CD-HIT: Must be installed and available in the system PATH. You can install it from your package manager (e.g., sudo apt install cd-hit) or compile it from source at the [CD-HIT website](http://weizhong-lab.ucsd.edu/cd-hit/).
Machine Learning Dependencies¶
NVIDIA Driver: Version 550.120 or newer (verify using
nvidia-smi).CUDA: Version 12.4 or newer (verify using
nvcc --version).
Database Dependencies¶
PostgreSQL Client: Version 16 or later, required to restore database backups without compatibility issues.
Warning
🚨 Important for Ubuntu 22.04 and older 🚨
PostgreSQL 16 is not available in the default repositories for Ubuntu 22.04 and earlier. If you try to restore a backup using pg_restore, you may encounter incompatibility issues.
Python Environment¶
Poetry: Used for dependency management.
curl -sSL https://install.python-poetry.org | python3 - export PATH="$HOME/.local/bin:$PATH" source ~/.bashrc # o source ~/.zshrc
Cloning the Repository¶
Clone the repository and navigate into the project directory:
git clone https://github.com/CBBIO/FANTASIA.git
cd FANTASIA
Creating and Activating the Virtual Environment¶
Use poetry to manage the virtual environment. Follow these steps:
Ensure Poetry is installed and up to date:
poetry self update
If using Poetry 1.5 or later, install the required shell plugin:
poetry self add poetry-plugin-shell
Create and activate the virtual environment:
poetry env use <python_version> # Specify the desired Python version (e.g., 3.12) poetry install poetry env activate
Note
If using Conda, avoid managing environments with both Poetry and Conda simultaneously to prevent dependency conflicts.
We recommend using PyCharm for development due to its seamless integration with Poetry, making environment management and package handling more intuitive.
Starting Required Services¶
Ensure PostgreSQL and RabbitMQ services are running.

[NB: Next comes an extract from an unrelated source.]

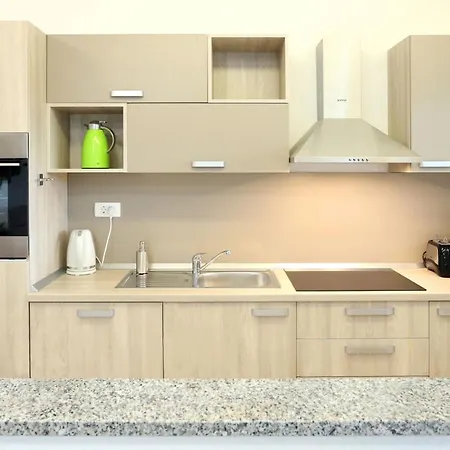 Dragi With Pool, Sauna, & Whirlpool *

docker run -d --name pgvectorsql \
-e POSTGRES_USER=usuario \
-e POSTGRES_PASSWORD=clave \
-e POSTGRES_DB=BioData \
-p 5432:5432 \
pgvector/pgvector:pg16
docker run -d --name rabbitmq \
-p 15672:15672 \
-p 5672:5672 \
rabbitmq:management
You can access the RabbitMQ management interface at:
http://localhost:15672
(Default credentials: guest/guest).
Configuration¶
Before proceeding, create the necessary directories with proper permissions:
mkdir -p ~/fantasia/dumps ~/fantasia/embeddings ~/fantasia/results ~/fantasia/redundancy
chmod -R 755 ~/fantasia
Ensure the following parameters are correctly set in fantasia/config.yaml:
DB_USERNAME: usuario
DB_PASSWORD: clave
DB_HOST: pgvectorsql
DB_PORT: 5432
DB_NAME: BioData
rabbitmq_host: rabbitmq
rabbitmq_user: guest
rabbitmq_password: guest
Initialization¶
Download embeddings and initialize the database:
python fantasia/main.py initialize --config ./fantasia/config.yaml
Verify that the embeddings are loaded into:
The directory specified in base_directory.
The configured PostgreSQL database.
Running the Pipeline¶
fantasia --help